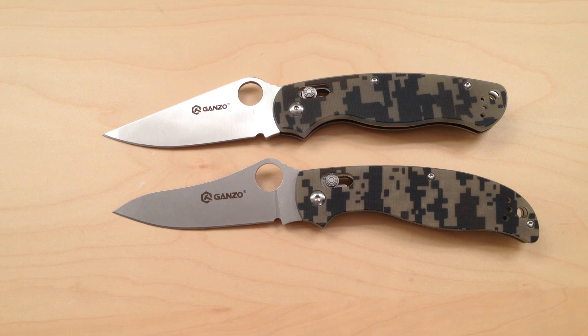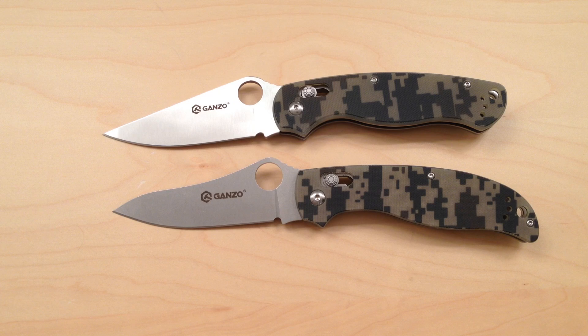Hey people, check this out. Just doing a side-by-side comparison of the GANZO G729 and the GANZO G733. These are both very similar knives with the hollow hole in the blade, similar in size and weight.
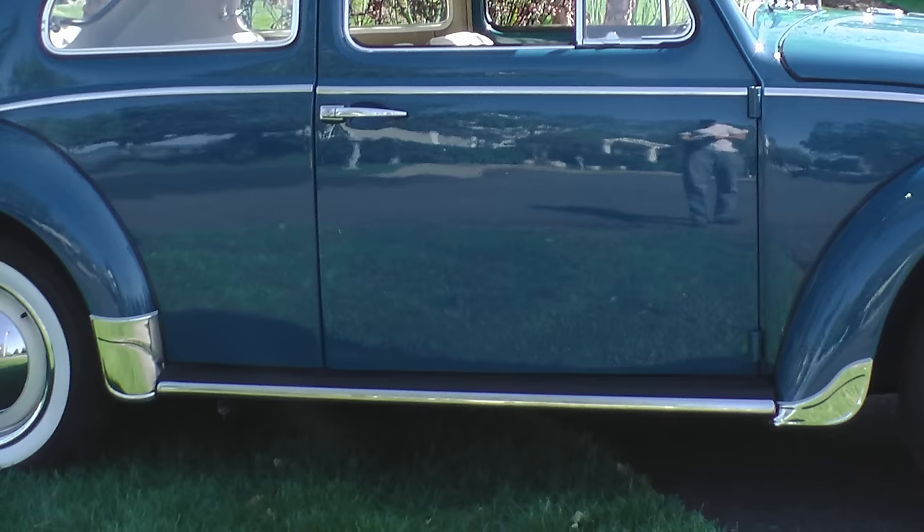A bonus accessory — super rare — is the coffee maker. A lot of people don't even realize Volkswagen offered this: you could actually mount a coffee maker on your dash, plug it into the cigarette lighter, and have it run. I saw this firsthand for the first time when I went to California with my friend Lucky Larry, at the vintage VW Treffen — the cream of the crop. You can find them on the Samba occasionally, but they're not cheap — probably $600 to $1,000.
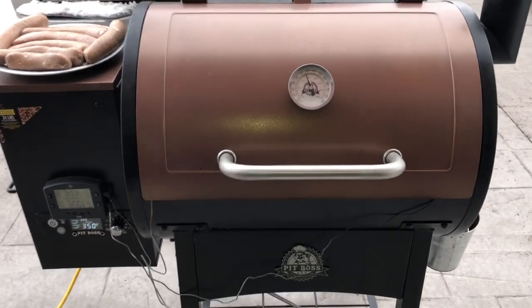Alright, here we are. I've got it set for 350 to grill these sausages up.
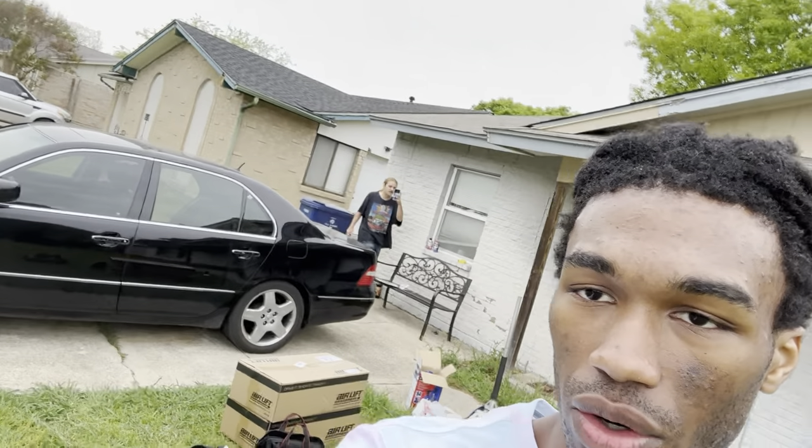What's good YouTube, welcome back to the channel. Today we're doing an air ride install on the Lexus LS 430. The quick plan is we're gonna do a quick air ride install — it's gonna be a three-day process. This is part one of a three or four part series. We'll prep the car, get it on all four jack stands, remove the wheels, run the wires, and probably install the struts.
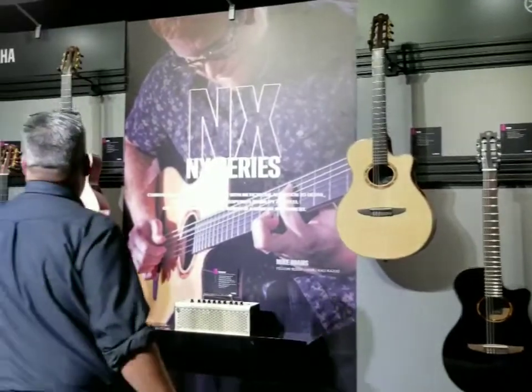The 5 series is pretty cool — it features European spruce. We did a big upgrade on that top, and that was at the suggestion of Rodrigo and Gabriela. They helped us do a little bit of the design work on the 5 series. So the 5 series is European spruce over laminate walnut.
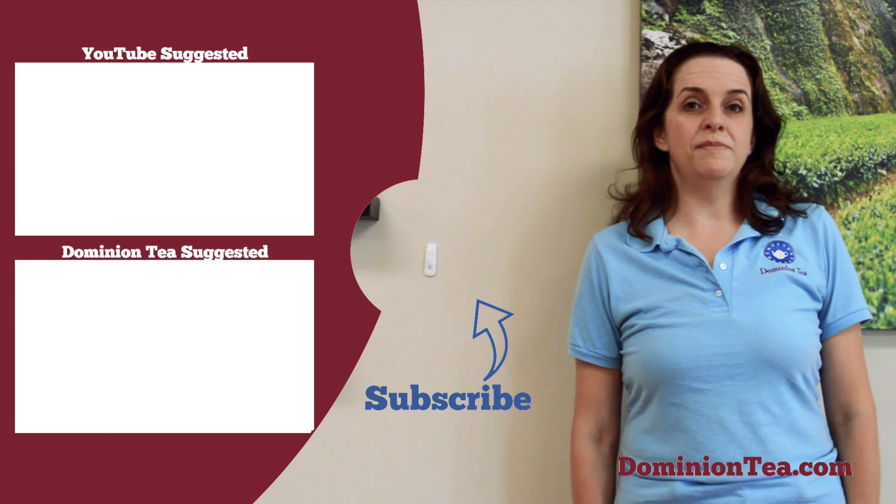As you enjoy those last couple of summer days before school gets started, don't forget to keep exploring. If you enjoyed learning more about tea with us, hit the subscribe button so that you can be notified when we add more videos to our channel. Check out the highlighted videos to learn even more about tea, and you can check out all of the teas we talk about in our videos at dominiontea.com.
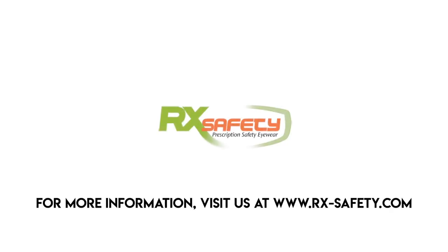Thanks for watching our video today. I hope it helped you figure out how to take off and reattach the side shield on your glasses. If you have any further questions, please don't hesitate to reach out. We'll see you next time.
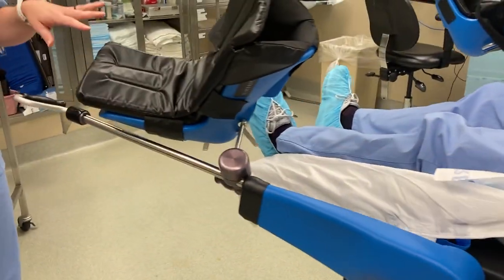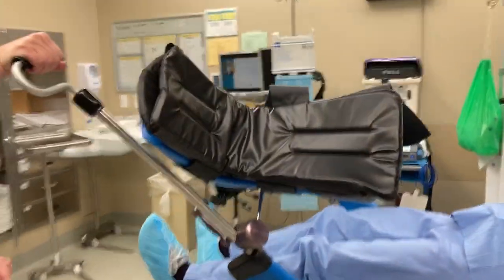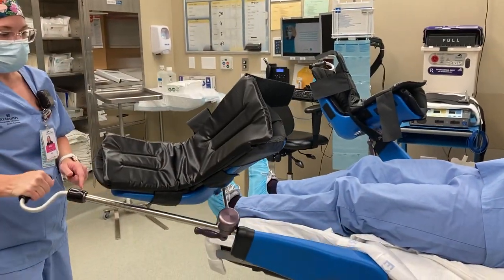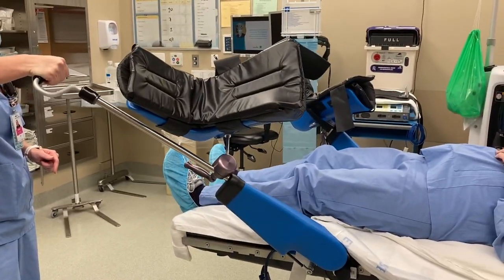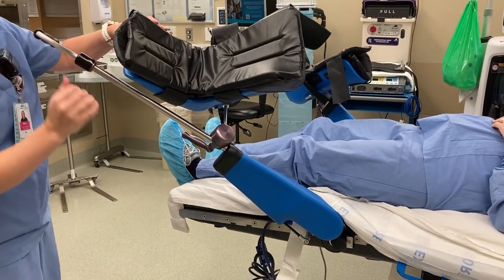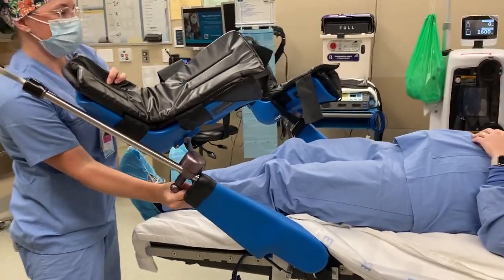And then to adjust the stirrups, you use these. You lift towards the ceiling to move it up and down or in and out. I'll make this one even with the other one. And then to move the boot, you adjust this just like the labor beds.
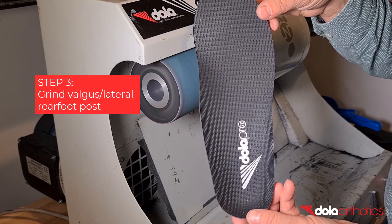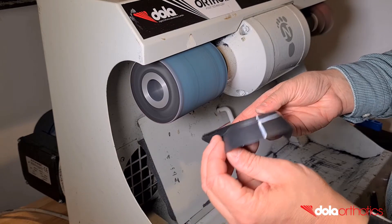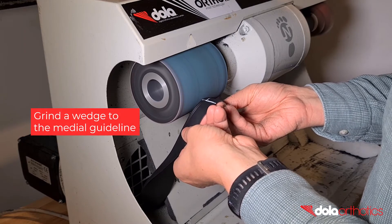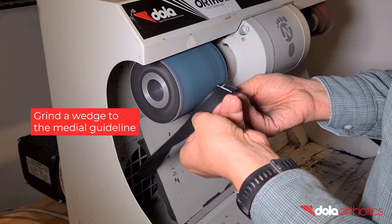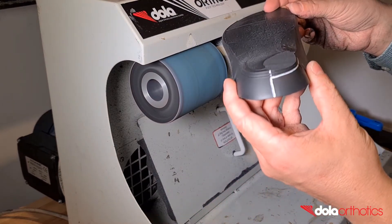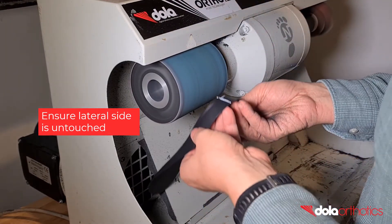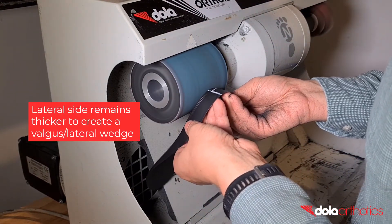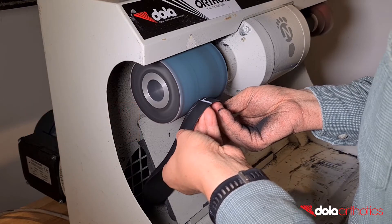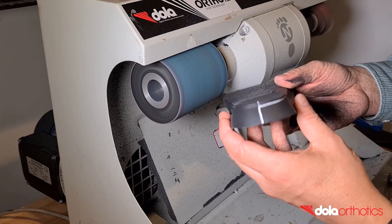The aim of grinding is to remove the orthotic shell material from the medial heel up to your guideline and blend it at a gradual angle to the lateral side, leaving the lateral border untouched. Holding the medial and lateral sides of the orthotic shell, place the posterior plantar heel surface of the orthotic against the grinder. Hold the orthotic at an angle and remove material up to your medial guideline, ensuring that this angle keeps the lateral side untouched. The lateral side will remain thicker than the medial, creating a valgus or lateral wedge. Remove small sections of the orthotic at a time until you become comfortable, and check your progress against your guideline.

→ Brief: Set down word for word the lines above from the one with "A bonus accessory" up to and including the one with "The 5 series is pretty". Omit every picture.

→ Exercise output:
A bonus accessory — super rare — is the coffee maker. A lot of people don't even realize Volkswagen offered this: you could actually mount a coffee maker on your dash, plug it into the cigarette lighter, and have it run. I saw this firsthand for the first time when I went to California with my friend Lucky Larry, at the vintage VW Treffen — the cream of the crop. You can find them on the Samba occasionally, but they're not cheap — probably $600 to $1,000.
Alright, here we are. I've got it set for 350 to grill these sausages up.
What's good YouTube, welcome back to the channel. Today we're doing an air ride install on the Lexus LS 430. The quick plan is we're gonna do a quick air ride install — it's gonna be a three-day process. This is part one of a three or four part series. We'll prep the car, get it on all four jack stands, remove the wheels, run the wires, and probably install the struts.
The 5 series is pretty cool — it features European spruce. We did a big upgrade on that top, and that was at the suggestion of Rodrigo and Gabriela. They helped us do a little bit of the design work on the 5 series. So the 5 series is European spruce over laminate walnut.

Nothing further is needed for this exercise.